◆ MATERIAL FOR THE TASK:
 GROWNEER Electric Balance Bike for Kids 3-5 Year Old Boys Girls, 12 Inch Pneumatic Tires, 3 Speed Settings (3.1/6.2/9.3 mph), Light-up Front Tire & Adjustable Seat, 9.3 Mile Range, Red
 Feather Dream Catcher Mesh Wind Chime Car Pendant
* * *
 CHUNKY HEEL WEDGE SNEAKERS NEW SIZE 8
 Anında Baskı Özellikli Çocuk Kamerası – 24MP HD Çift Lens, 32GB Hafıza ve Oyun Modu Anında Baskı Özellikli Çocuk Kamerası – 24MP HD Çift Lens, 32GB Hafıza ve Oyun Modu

◆ ABOUT THIS EXERCISE:
Among the records above, extract exactly the lines from the line with "GROWNEER Electric Balance" to the line with "Feather Dream Catcher", both lines included, and leave out the rest.

◆ SOLUTION TO THE PROBLEM:
 GROWNEER Electric Balance Bike for Kids 3-5 Year Old Boys Girls, 12 Inch Pneumatic Tires, 3 Speed Settings (3.1/6.2/9.3 mph), Light-up Front Tire & Adjustable Seat, 9.3 Mile Range, Red
 Feather Dream Catcher Mesh Wind Chime Car Pendant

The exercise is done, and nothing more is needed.